India launches spacecraft on mission to the moon
India has launched a spacecraft into space on a mission to the far side of the moon in a follow-up bid to its failed effort nearly four years ago to land a rover softly on the lunar surface.
Chandrayaan-3, the word for “moon craft” in Sanskrit, blasted off from a launch pad in Sriharikota with an orbiter, a lander and a rover.
It will embark on a journey lasting slightly over a month before landing on the moon’s surface later in August.
A successful landing would make India the fourth country — after the US, the Soviet Union and China — to achieve the feat.
The six-wheeled lander and rover module of Chandrayaan-3 is configured with payloads that would provide data to the scientific community on the properties of lunar soil and rocks, including chemical and elemental compositions, said Dr Jitendra Singh, junior minister for science and technology.
India’s previous attempt to land a robotic spacecraft near the moon’s little-explored south pole ended in failure in 2019.
It entered the lunar orbit but lost touch with its lander which crashed while making its final descent to deploy a rover to search for signs of water.

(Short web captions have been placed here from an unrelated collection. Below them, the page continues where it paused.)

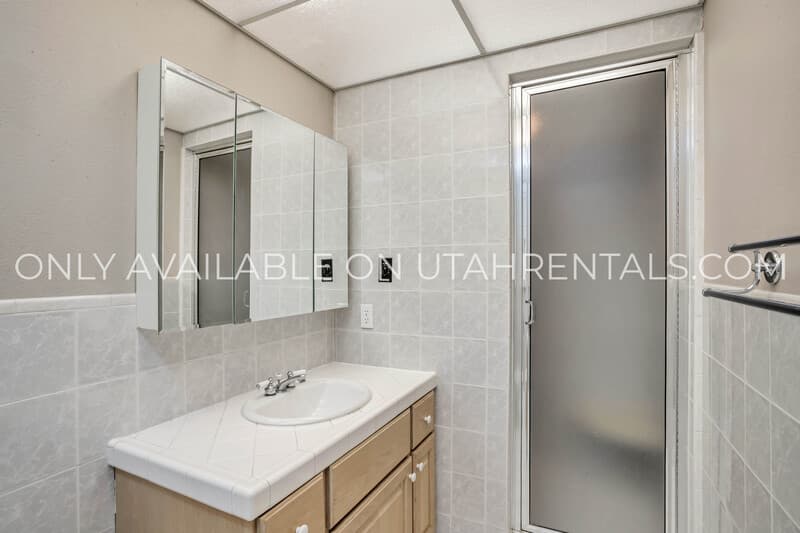 Provo House: 3676 N 870 E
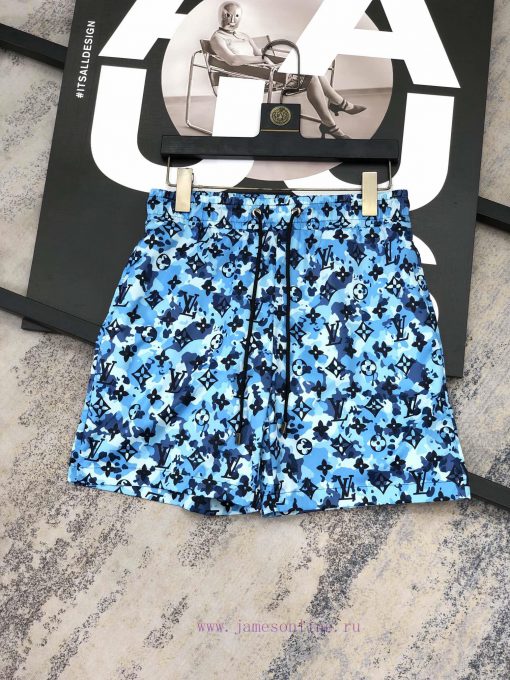 LV 2024 Summer Men's Casual Shorts Beach Pants Customized Quick Drying Fabric Soft And Smooth T cnedc88n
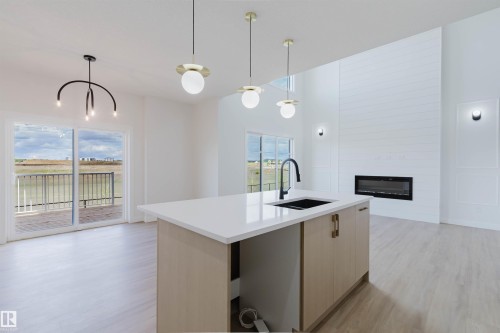 226 Edgemont Green, Edmonton, AB - Indoor Photo Showing Kitchen With Upgraded Kitchen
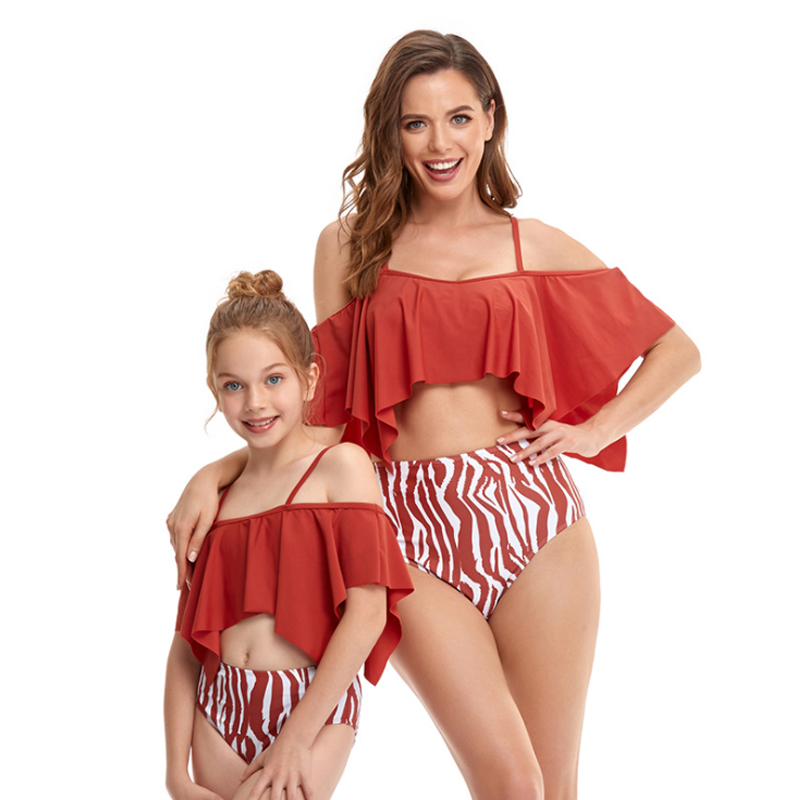 "Livfull matchande bikini med ruffle-design för barn och vuxna, perfekt för strand och pool. Välj unikt och stilfullt."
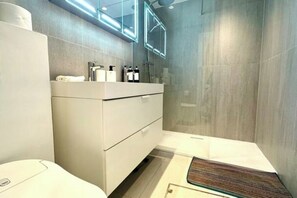 Chuveiro, secador de cabelo, toalhas de banho, sabonete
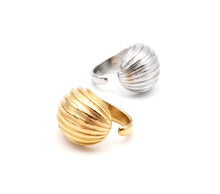 Carica l&#39;immagine nel visualizzatore di Gallery, Anello conchiglia
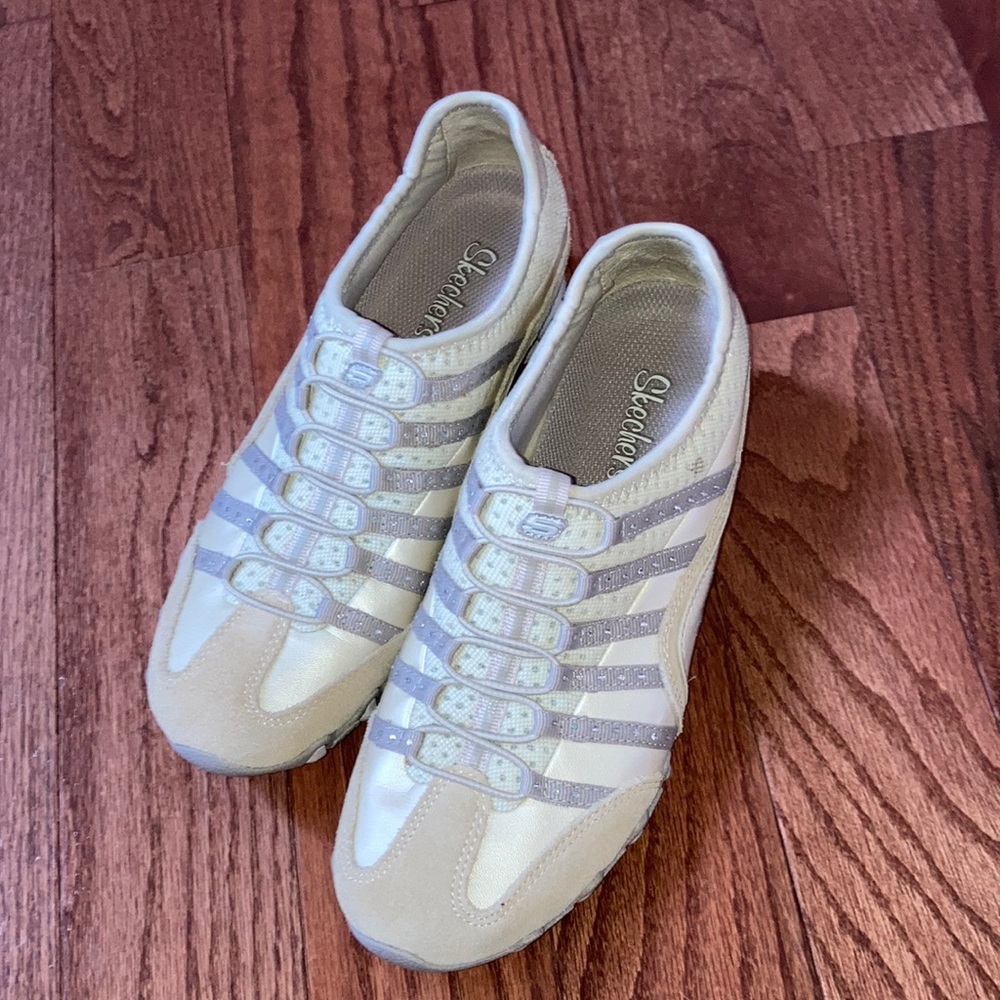 Sketchers slip on sneakers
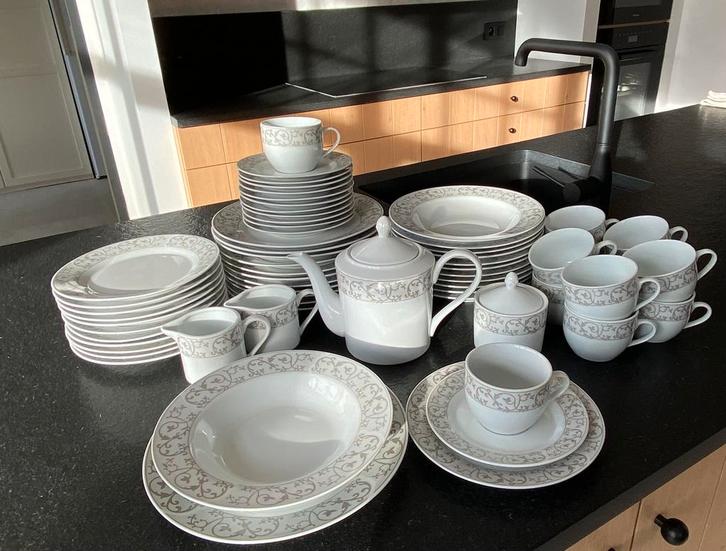 12 pers landelijk eet/ koffieservies totaal 64 stuks, Huis en Inrichting, Keuken | Servies, Ophalen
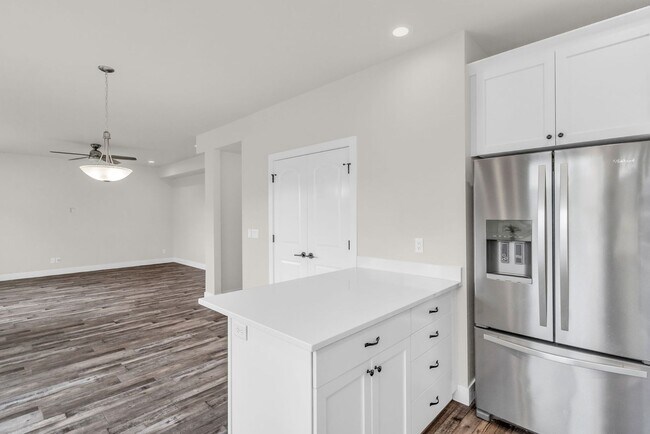 Foto del edificio - Spacious 6 Bed Home with Dual Kitchens, EV Charging & Modern Finishes in Layton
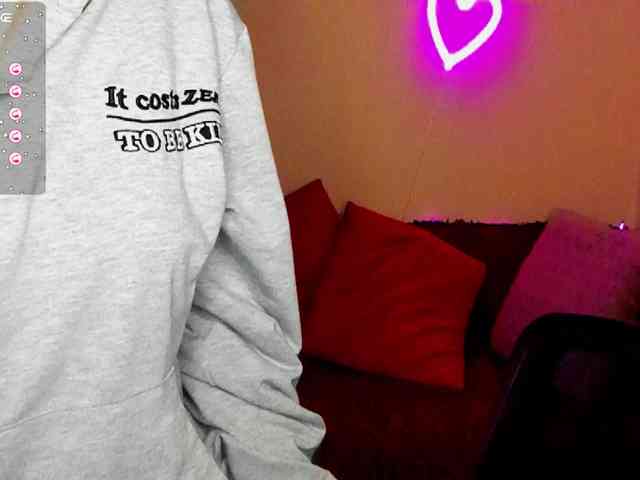 AminaBeatris13 webcam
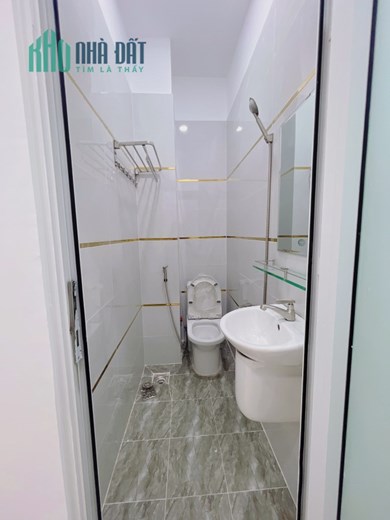 CẦN BÁN GẤP NHÀ CHÍNH CHỦ DT 30m² Giá 2tỷ880 tại 168 Chiến Lược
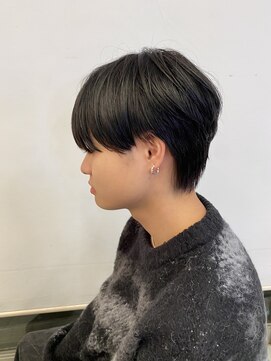 コワファースト 大分(COIFF1RST) シースルー/マッシュ/黒髪/就活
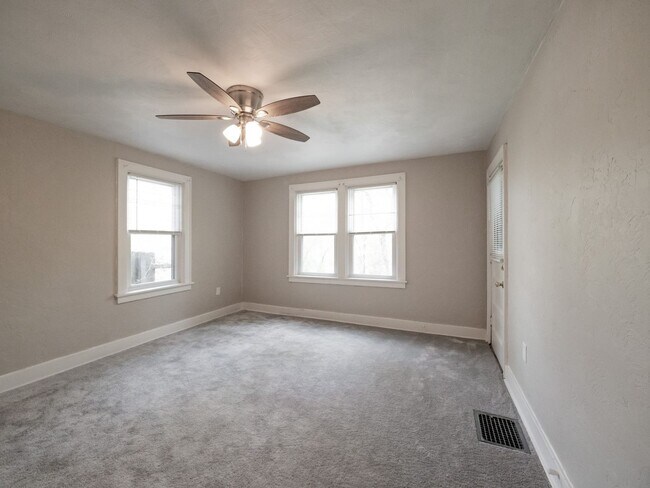 Building Photo - 1615 Aurelius St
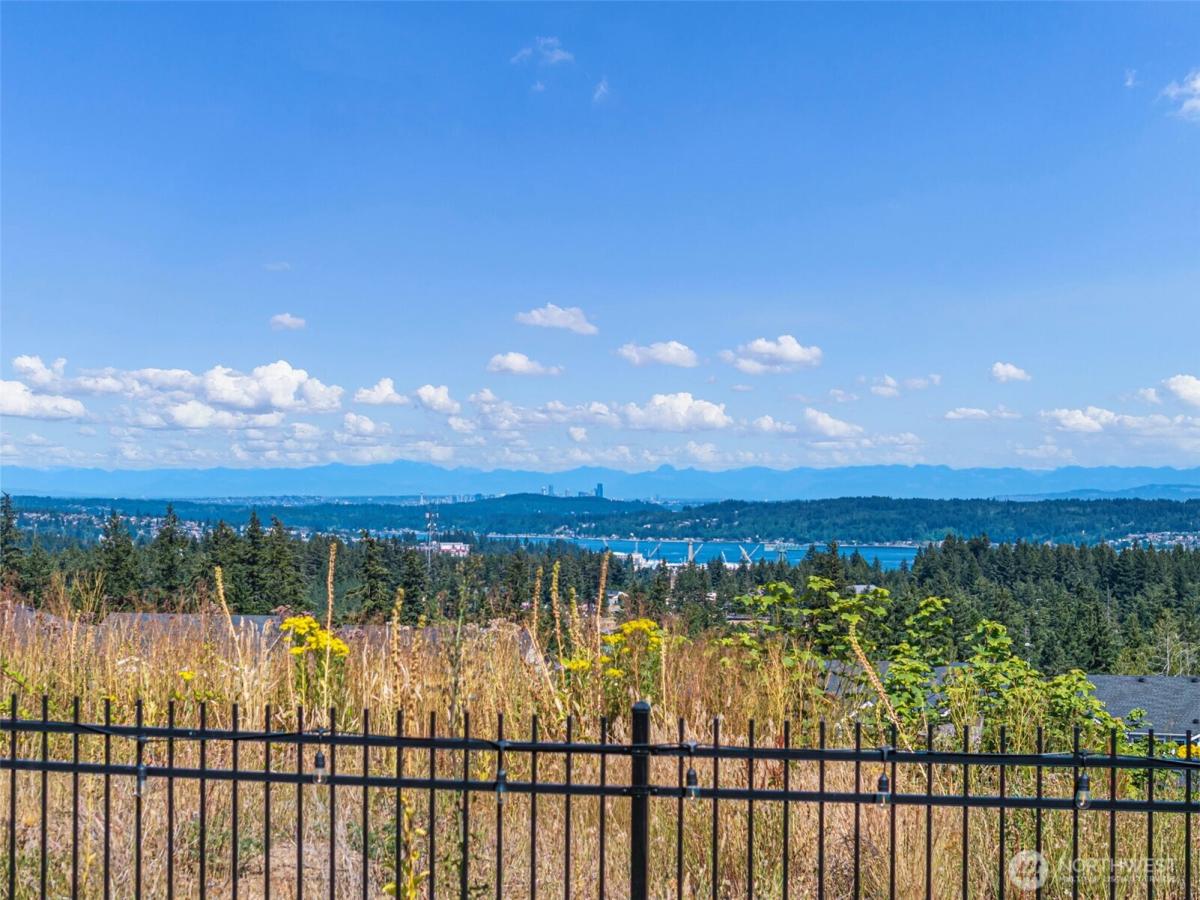 MLS #NWM2554977 image #0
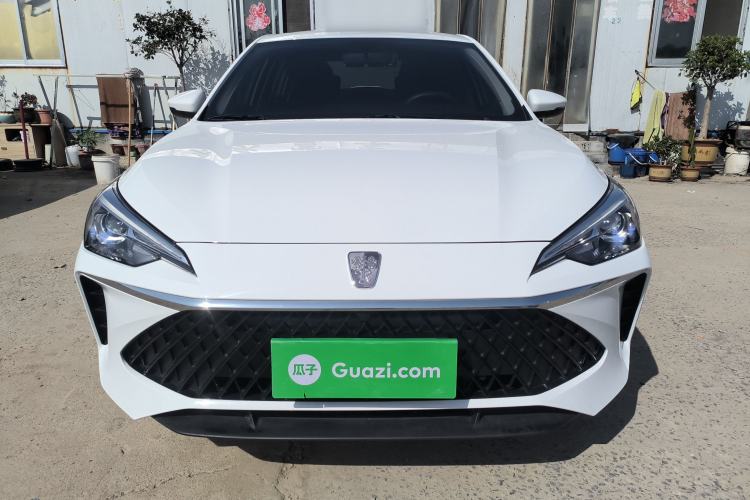 Used Roewe i5 2023 1.5L Manual Comfort Edition Front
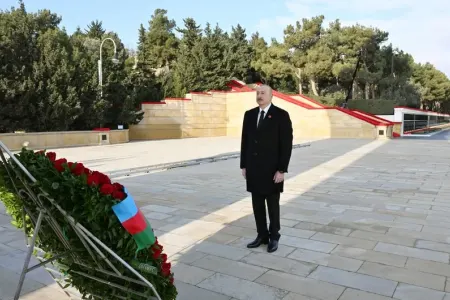 Prezident 20 Yanvar şəhidlərinin xatirəsini yad etdi - Video\Fotolar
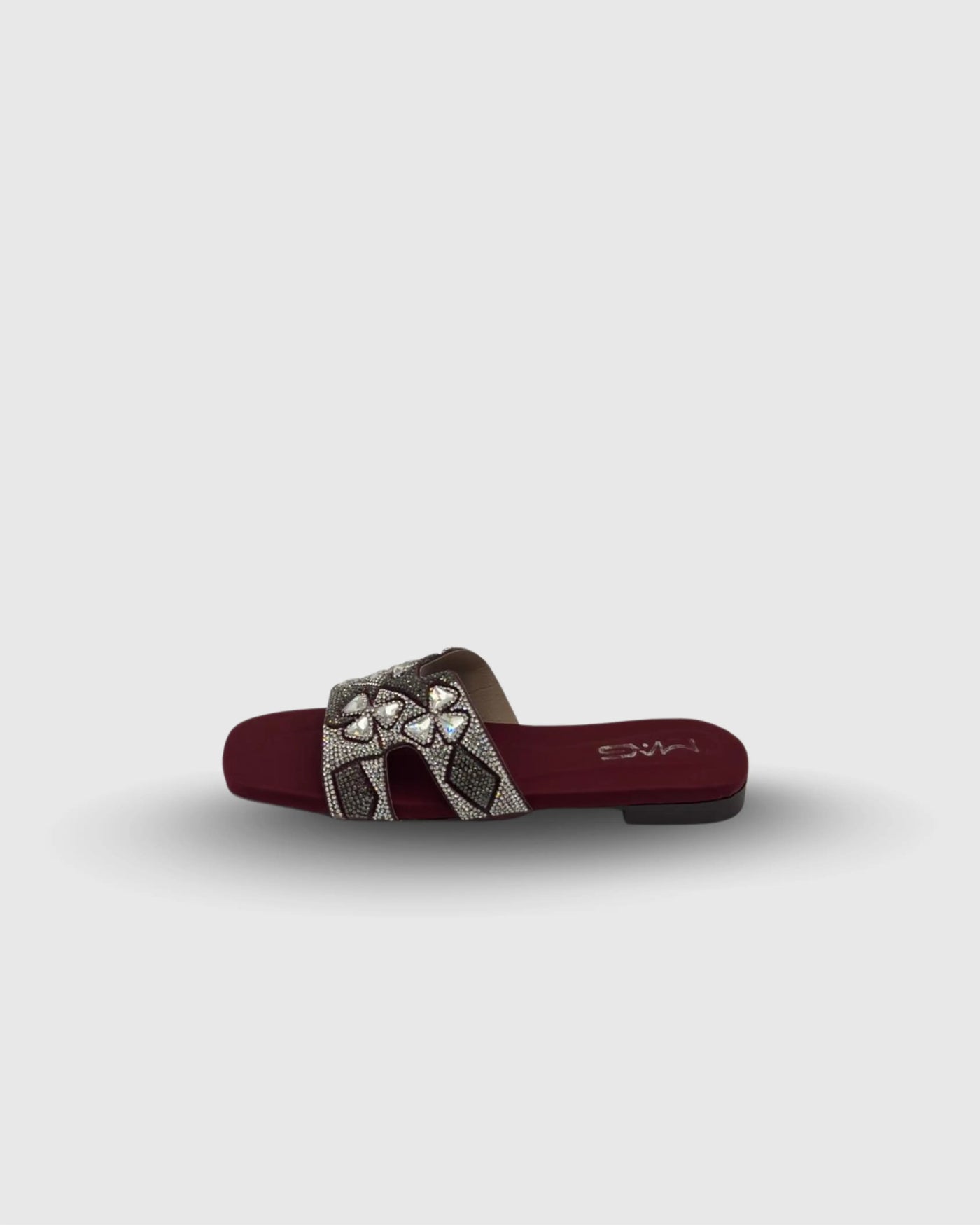 maroon embellished flat slippers for women Pakistan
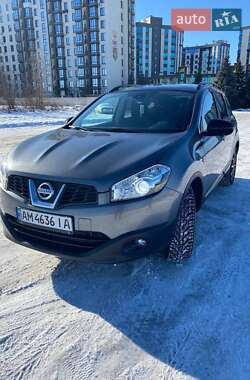 Внедорожник / Кроссовер Nissan Qashqai+2 2012 в Софиевской Борщаговке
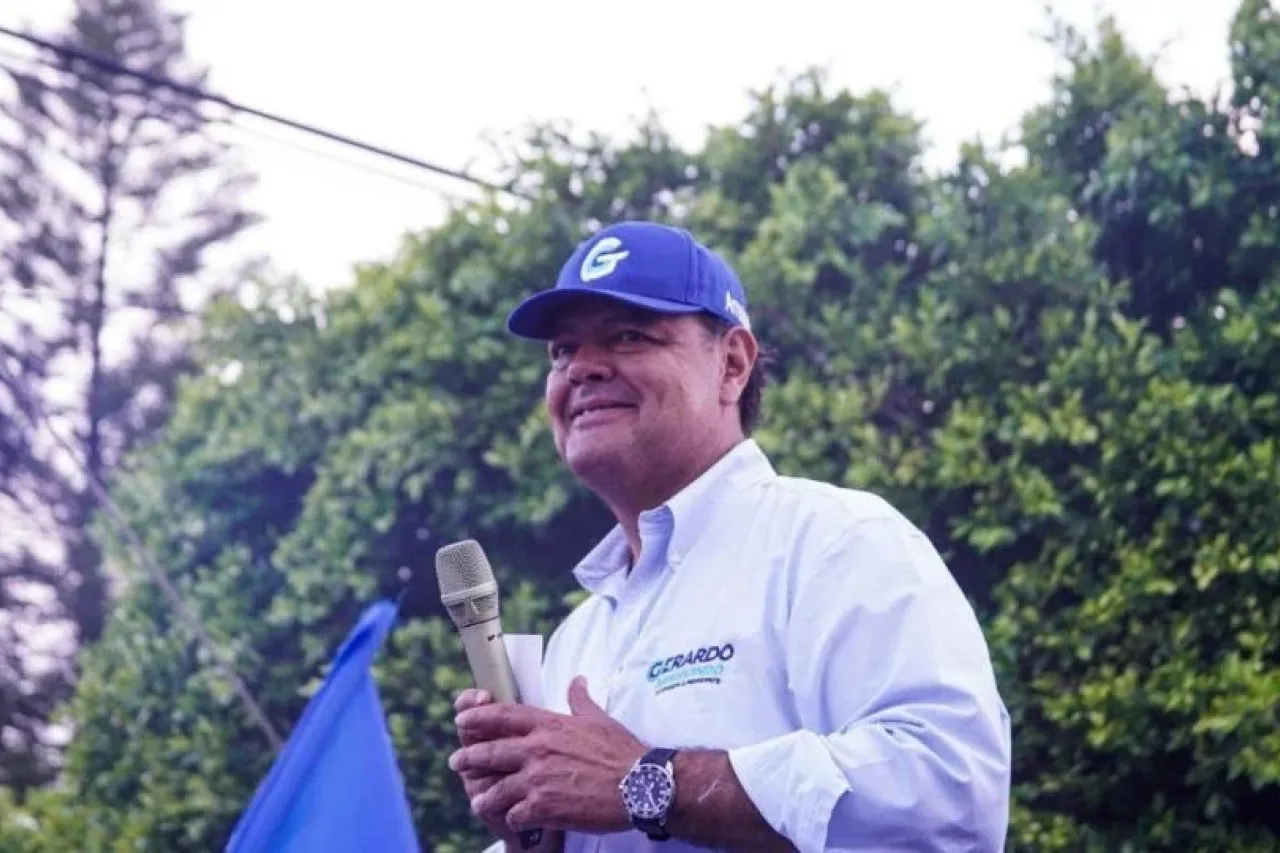 Secuestran a ex candidato a alcalde en Salamanca afuera de su negocio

According to a failure analysis report submitted to the Indian Space Research Organisation (ISRO), the crash was caused by a software glitch.
The £100 million mission in 2019 was intended to study permanently shadowed moon craters which are thought to contain water deposits and were confirmed by India’s Chandrayaan-1 mission in 2008.
ISRO director Sreedhara Panicker Somanath said the main objective of the mission this time is a safe and soft landing on the moon.
He said the Indian space agency has perfected the art of reaching the moon, “but it is the landing that the agency is working on”.